*PROBLEM STATEMENT*
Without including any image, retype the records word for word.

*INPUT*
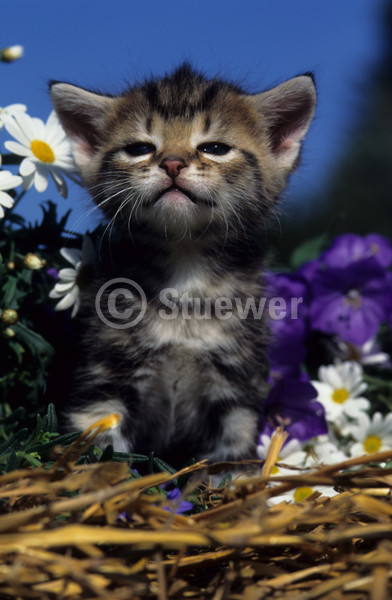 Sabine Stuewer Tierfoto -  ID860780 Stichwörter zum Bild: Katzen, Europäisch Kurzhaar, Welpe, einzeln, getigert, grau getigert, Blumen, Himmel, Stroh, Sonne, Totale, sitzen, Hochformat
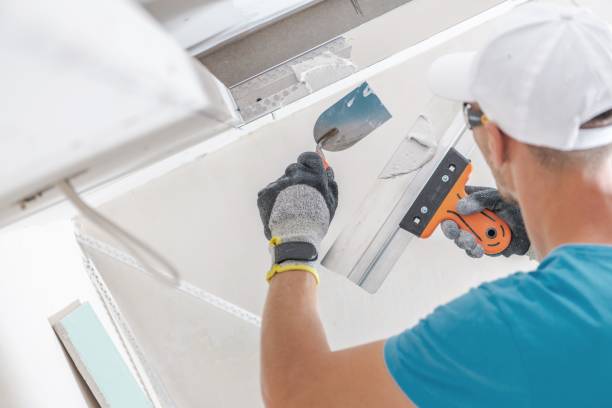 San Marcos, CA Mold Removal Company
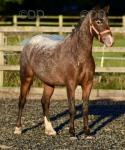 Cindy, 3 Year Old Filly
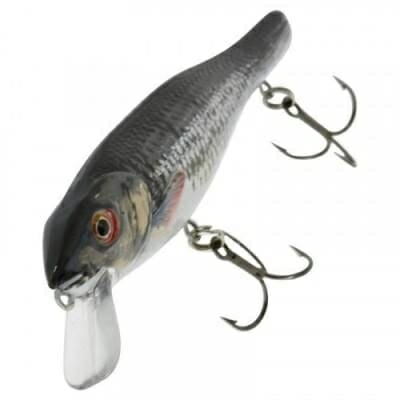 Fitness Mania - Glenroy 45 Roach Floatable Fishing Plug Bait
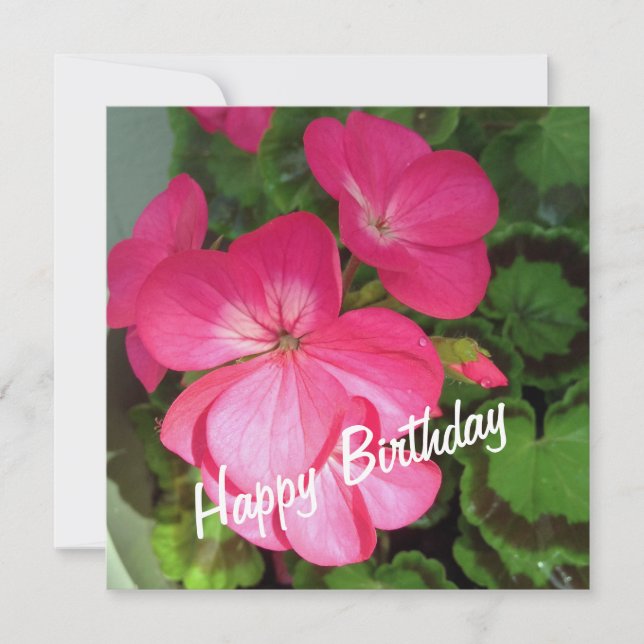Carte d'anniversaire de géranium rose (Devant)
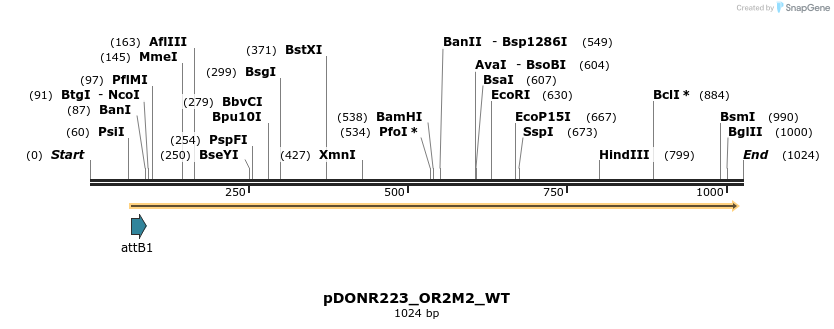 160391_map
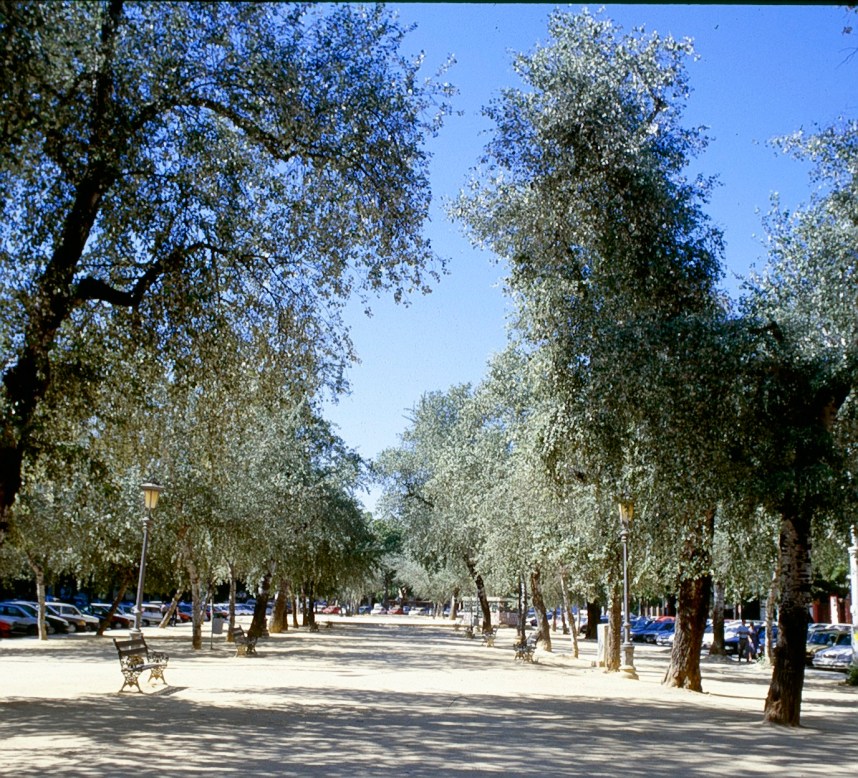 sevilla-alameda-de-hercules-a1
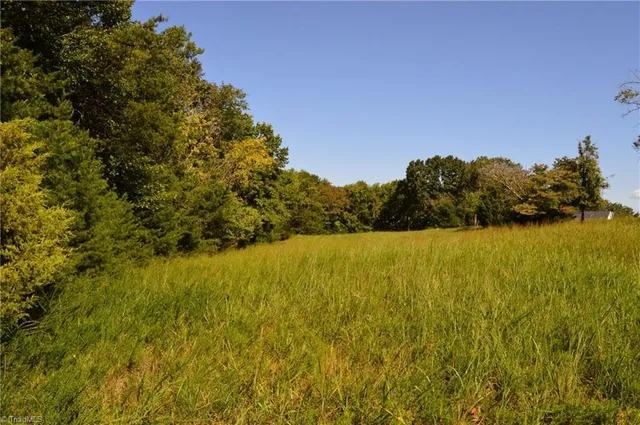 $175,000 | 1 Hanging Rock Forest Road, Unit TRACT D (14AC), Danbury, NC 27016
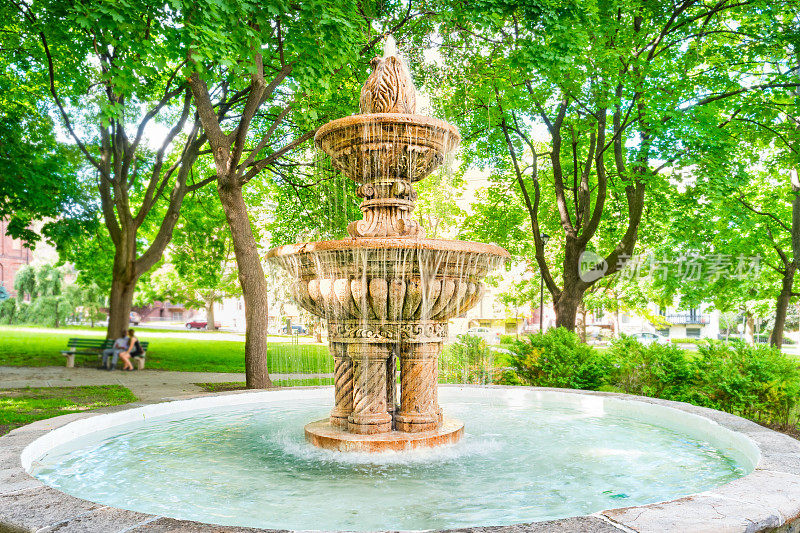 美国纽约州奥尔巴尼市中心学院公园的喷泉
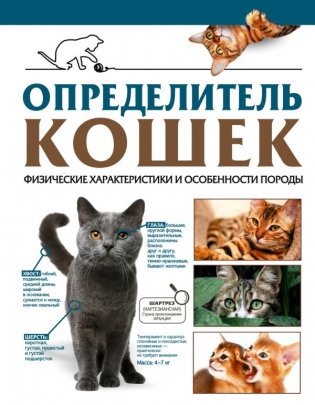 Определитель кошек. Физические характеристики и особенности породы фото книги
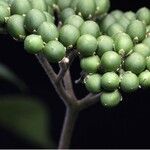 Solanum umbellatum Fruit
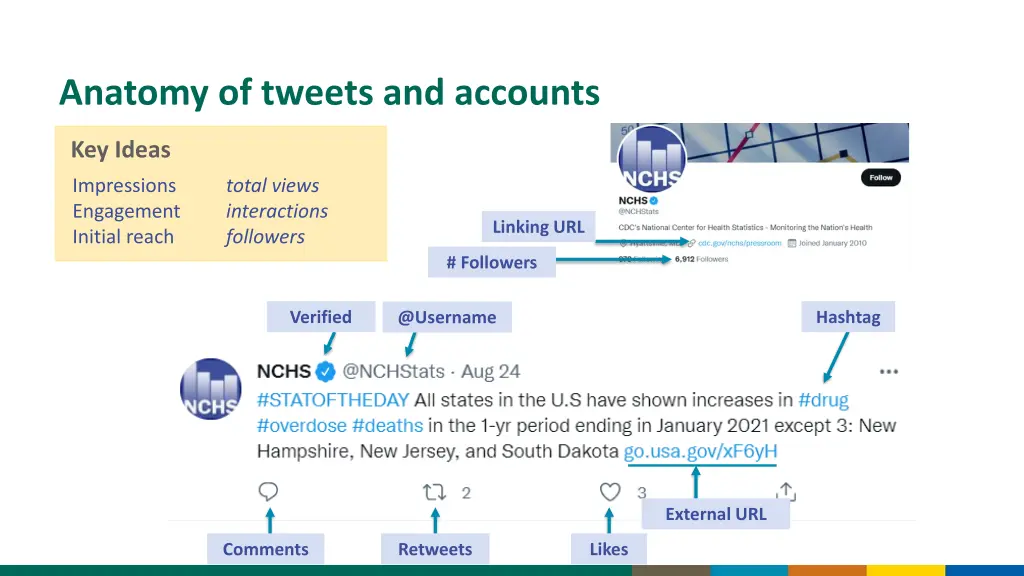 anatomy of tweets and accounts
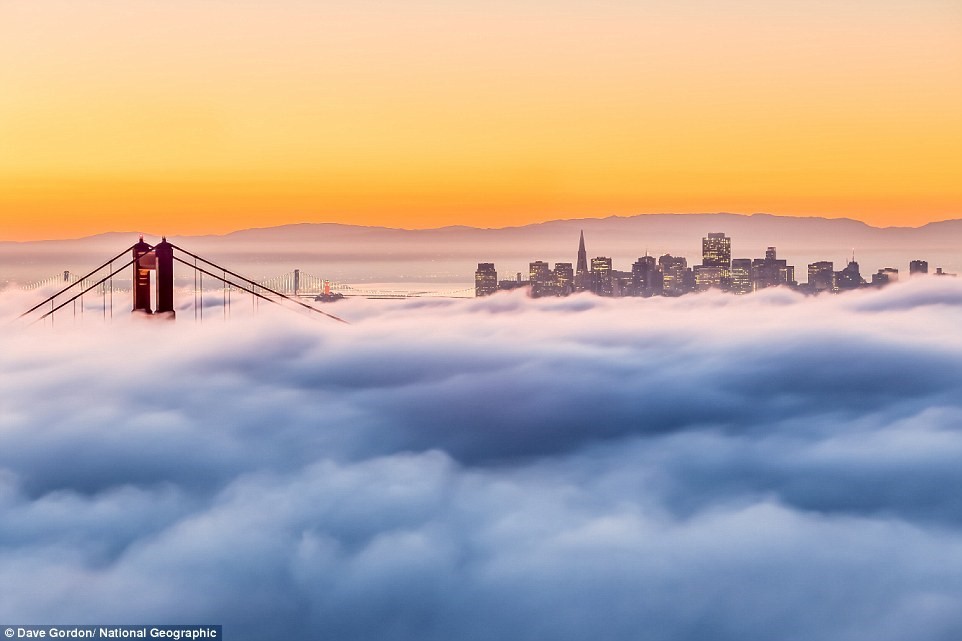 Cầu Cổng Vàng ở San Francisco, California, Mỹ nổi bật trên màn sương bồng bềnh buổi sớm mai.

*TASK ANSWER*
 Sabine Stuewer Tierfoto -  ID860780 Stichwörter zum Bild: Katzen, Europäisch Kurzhaar, Welpe, einzeln, getigert, grau getigert, Blumen, Himmel, Stroh, Sonne, Totale, sitzen, Hochformat
 San Marcos, CA Mold Removal Company
 Cindy, 3 Year Old Filly
 Fitness Mania - Glenroy 45 Roach Floatable Fishing Plug Bait
Carte d'anniversaire de géranium rose (Devant)
 160391_map
 sevilla-alameda-de-hercules-a1
 $175,000 | 1 Hanging Rock Forest Road, Unit TRACT D (14AC), Danbury, NC 27016
 美国纽约州奥尔巴尼市中心学院公园的喷泉
 Определитель кошек. Физические характеристики и особенности породы фото книги
 Solanum umbellatum Fruit
 anatomy of tweets and accounts
 Cầu Cổng Vàng ở San Francisco, California, Mỹ nổi bật trên màn sương bồng bềnh buổi sớm mai.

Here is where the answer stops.